MATERIAL SHOWN:
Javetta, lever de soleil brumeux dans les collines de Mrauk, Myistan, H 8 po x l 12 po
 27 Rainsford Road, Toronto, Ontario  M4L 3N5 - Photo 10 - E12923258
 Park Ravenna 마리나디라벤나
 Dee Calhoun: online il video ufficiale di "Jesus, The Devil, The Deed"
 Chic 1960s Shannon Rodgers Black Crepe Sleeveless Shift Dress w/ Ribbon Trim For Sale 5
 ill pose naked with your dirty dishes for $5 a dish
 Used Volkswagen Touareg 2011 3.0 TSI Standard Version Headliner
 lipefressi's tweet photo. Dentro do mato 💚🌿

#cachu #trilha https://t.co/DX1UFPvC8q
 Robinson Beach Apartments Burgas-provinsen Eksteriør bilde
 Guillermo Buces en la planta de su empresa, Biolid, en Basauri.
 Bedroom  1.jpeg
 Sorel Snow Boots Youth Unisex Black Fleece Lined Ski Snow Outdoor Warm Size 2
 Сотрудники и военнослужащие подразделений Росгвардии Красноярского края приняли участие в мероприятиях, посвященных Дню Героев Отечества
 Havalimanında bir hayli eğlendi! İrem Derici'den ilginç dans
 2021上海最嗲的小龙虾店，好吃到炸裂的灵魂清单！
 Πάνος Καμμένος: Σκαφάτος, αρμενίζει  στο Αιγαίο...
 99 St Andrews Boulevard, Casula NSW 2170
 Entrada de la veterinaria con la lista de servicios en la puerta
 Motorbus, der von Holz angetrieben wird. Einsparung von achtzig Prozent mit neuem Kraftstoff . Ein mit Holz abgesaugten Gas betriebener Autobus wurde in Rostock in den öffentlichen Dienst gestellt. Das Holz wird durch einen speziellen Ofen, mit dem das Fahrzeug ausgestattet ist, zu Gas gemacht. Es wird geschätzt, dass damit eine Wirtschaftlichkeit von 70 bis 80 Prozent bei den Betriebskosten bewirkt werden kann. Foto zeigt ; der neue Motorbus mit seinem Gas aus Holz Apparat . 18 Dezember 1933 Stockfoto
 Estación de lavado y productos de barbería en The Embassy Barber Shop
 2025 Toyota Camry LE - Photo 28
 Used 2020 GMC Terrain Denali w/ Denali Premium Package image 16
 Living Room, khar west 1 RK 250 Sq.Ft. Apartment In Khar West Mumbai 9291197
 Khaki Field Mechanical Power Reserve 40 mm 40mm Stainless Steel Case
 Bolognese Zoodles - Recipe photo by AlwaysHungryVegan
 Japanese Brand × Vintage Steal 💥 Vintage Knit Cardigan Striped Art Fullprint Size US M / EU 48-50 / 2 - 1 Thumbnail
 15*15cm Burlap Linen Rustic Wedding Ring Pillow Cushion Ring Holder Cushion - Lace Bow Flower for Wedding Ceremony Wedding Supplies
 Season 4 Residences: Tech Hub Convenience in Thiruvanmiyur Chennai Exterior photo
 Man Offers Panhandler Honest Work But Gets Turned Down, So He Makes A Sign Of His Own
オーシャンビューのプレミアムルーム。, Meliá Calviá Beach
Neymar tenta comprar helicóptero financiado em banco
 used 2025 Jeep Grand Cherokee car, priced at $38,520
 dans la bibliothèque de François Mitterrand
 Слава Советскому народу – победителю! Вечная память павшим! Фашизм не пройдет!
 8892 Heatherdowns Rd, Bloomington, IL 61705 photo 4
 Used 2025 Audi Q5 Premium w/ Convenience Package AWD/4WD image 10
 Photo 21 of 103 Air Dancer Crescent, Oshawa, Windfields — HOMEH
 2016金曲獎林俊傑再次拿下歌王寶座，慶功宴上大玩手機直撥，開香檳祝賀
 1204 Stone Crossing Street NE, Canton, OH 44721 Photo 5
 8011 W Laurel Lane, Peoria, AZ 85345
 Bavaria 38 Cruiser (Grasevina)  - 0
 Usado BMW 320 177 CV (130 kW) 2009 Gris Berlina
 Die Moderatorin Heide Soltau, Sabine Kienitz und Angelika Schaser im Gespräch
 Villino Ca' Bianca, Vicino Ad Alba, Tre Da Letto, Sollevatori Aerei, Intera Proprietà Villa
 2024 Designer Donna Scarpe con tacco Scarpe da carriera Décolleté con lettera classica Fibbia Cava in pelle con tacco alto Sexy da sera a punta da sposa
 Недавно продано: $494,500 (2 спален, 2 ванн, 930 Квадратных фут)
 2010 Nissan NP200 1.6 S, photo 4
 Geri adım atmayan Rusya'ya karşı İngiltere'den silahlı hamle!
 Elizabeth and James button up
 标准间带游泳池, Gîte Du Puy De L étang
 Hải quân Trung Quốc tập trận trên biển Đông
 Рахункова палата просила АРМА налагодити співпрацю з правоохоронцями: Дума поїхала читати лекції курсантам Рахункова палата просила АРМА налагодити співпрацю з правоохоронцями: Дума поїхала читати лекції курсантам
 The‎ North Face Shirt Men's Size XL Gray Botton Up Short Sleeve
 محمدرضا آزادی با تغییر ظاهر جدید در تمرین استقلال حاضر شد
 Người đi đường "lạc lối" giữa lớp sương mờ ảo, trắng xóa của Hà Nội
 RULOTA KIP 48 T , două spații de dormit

PROBLEM TO WORK ON: Write the entries out again, exactly and completely.

TASK RESPONSE:
Javetta, lever de soleil brumeux dans les collines de Mrauk, Myistan, H 8 po x l 12 po
 27 Rainsford Road, Toronto, Ontario  M4L 3N5 - Photo 10 - E12923258
 Park Ravenna 마리나디라벤나
 Dee Calhoun: online il video ufficiale di "Jesus, The Devil, The Deed"
 Chic 1960s Shannon Rodgers Black Crepe Sleeveless Shift Dress w/ Ribbon Trim For Sale 5
 ill pose naked with your dirty dishes for $5 a dish
 Used Volkswagen Touareg 2011 3.0 TSI Standard Version Headliner
 lipefressi's tweet photo. Dentro do mato 💚🌿

#cachu #trilha https://t.co/DX1UFPvC8q
 Robinson Beach Apartments Burgas-provinsen Eksteriør bilde
 Guillermo Buces en la planta de su empresa, Biolid, en Basauri.
 Bedroom  1.jpeg
 Sorel Snow Boots Youth Unisex Black Fleece Lined Ski Snow Outdoor Warm Size 2
 Сотрудники и военнослужащие подразделений Росгвардии Красноярского края приняли участие в мероприятиях, посвященных Дню Героев Отечества
 Havalimanında bir hayli eğlendi! İrem Derici'den ilginç dans
 2021上海最嗲的小龙虾店，好吃到炸裂的灵魂清单！
 Πάνος Καμμένος: Σκαφάτος, αρμενίζει  στο Αιγαίο...
 99 St Andrews Boulevard, Casula NSW 2170
 Entrada de la veterinaria con la lista de servicios en la puerta
 Motorbus, der von Holz angetrieben wird. Einsparung von achtzig Prozent mit neuem Kraftstoff . Ein mit Holz abgesaugten Gas betriebener Autobus wurde in Rostock in den öffentlichen Dienst gestellt. Das Holz wird durch einen speziellen Ofen, mit dem das Fahrzeug ausgestattet ist, zu Gas gemacht. Es wird geschätzt, dass damit eine Wirtschaftlichkeit von 70 bis 80 Prozent bei den Betriebskosten bewirkt werden kann. Foto zeigt ; der neue Motorbus mit seinem Gas aus Holz Apparat . 18 Dezember 1933 Stockfoto
 Estación de lavado y productos de barbería en The Embassy Barber Shop
 2025 Toyota Camry LE - Photo 28
 Used 2020 GMC Terrain Denali w/ Denali Premium Package image 16
 Living Room, khar west 1 RK 250 Sq.Ft. Apartment In Khar West Mumbai 9291197
 Khaki Field Mechanical Power Reserve 40 mm 40mm Stainless Steel Case
 Bolognese Zoodles - Recipe photo by AlwaysHungryVegan
 Japanese Brand × Vintage Steal 💥 Vintage Knit Cardigan Striped Art Fullprint Size US M / EU 48-50 / 2 - 1 Thumbnail
 15*15cm Burlap Linen Rustic Wedding Ring Pillow Cushion Ring Holder Cushion - Lace Bow Flower for Wedding Ceremony Wedding Supplies
 Season 4 Residences: Tech Hub Convenience in Thiruvanmiyur Chennai Exterior photo
 Man Offers Panhandler Honest Work But Gets Turned Down, So He Makes A Sign Of His Own
オーシャンビューのプレミアムルーム。, Meliá Calviá Beach
Neymar tenta comprar helicóptero financiado em banco
 used 2025 Jeep Grand Cherokee car, priced at $38,520
 dans la bibliothèque de François Mitterrand
 Слава Советскому народу – победителю! Вечная память павшим! Фашизм не пройдет!
 8892 Heatherdowns Rd, Bloomington, IL 61705 photo 4
 Used 2025 Audi Q5 Premium w/ Convenience Package AWD/4WD image 10
 Photo 21 of 103 Air Dancer Crescent, Oshawa, Windfields — HOMEH
 2016金曲獎林俊傑再次拿下歌王寶座，慶功宴上大玩手機直撥，開香檳祝賀
 1204 Stone Crossing Street NE, Canton, OH 44721 Photo 5
 8011 W Laurel Lane, Peoria, AZ 85345
 Bavaria 38 Cruiser (Grasevina)  - 0
 Usado BMW 320 177 CV (130 kW) 2009 Gris Berlina
 Die Moderatorin Heide Soltau, Sabine Kienitz und Angelika Schaser im Gespräch
 Villino Ca' Bianca, Vicino Ad Alba, Tre Da Letto, Sollevatori Aerei, Intera Proprietà Villa
 2024 Designer Donna Scarpe con tacco Scarpe da carriera Décolleté con lettera classica Fibbia Cava in pelle con tacco alto Sexy da sera a punta da sposa
 Недавно продано: $494,500 (2 спален, 2 ванн, 930 Квадратных фут)
 2010 Nissan NP200 1.6 S, photo 4
 Geri adım atmayan Rusya'ya karşı İngiltere'den silahlı hamle!
 Elizabeth and James button up
 标准间带游泳池, Gîte Du Puy De L étang
 Hải quân Trung Quốc tập trận trên biển Đông
 Рахункова палата просила АРМА налагодити співпрацю з правоохоронцями: Дума поїхала читати лекції курсантам Рахункова палата просила АРМА налагодити співпрацю з правоохоронцями: Дума поїхала читати лекції курсантам
 The‎ North Face Shirt Men's Size XL Gray Botton Up Short Sleeve
 محمدرضا آزادی با تغییر ظاهر جدید در تمرین استقلال حاضر شد
 Người đi đường "lạc lối" giữa lớp sương mờ ảo, trắng xóa của Hà Nội
 RULOTA KIP 48 T , două spații de dormit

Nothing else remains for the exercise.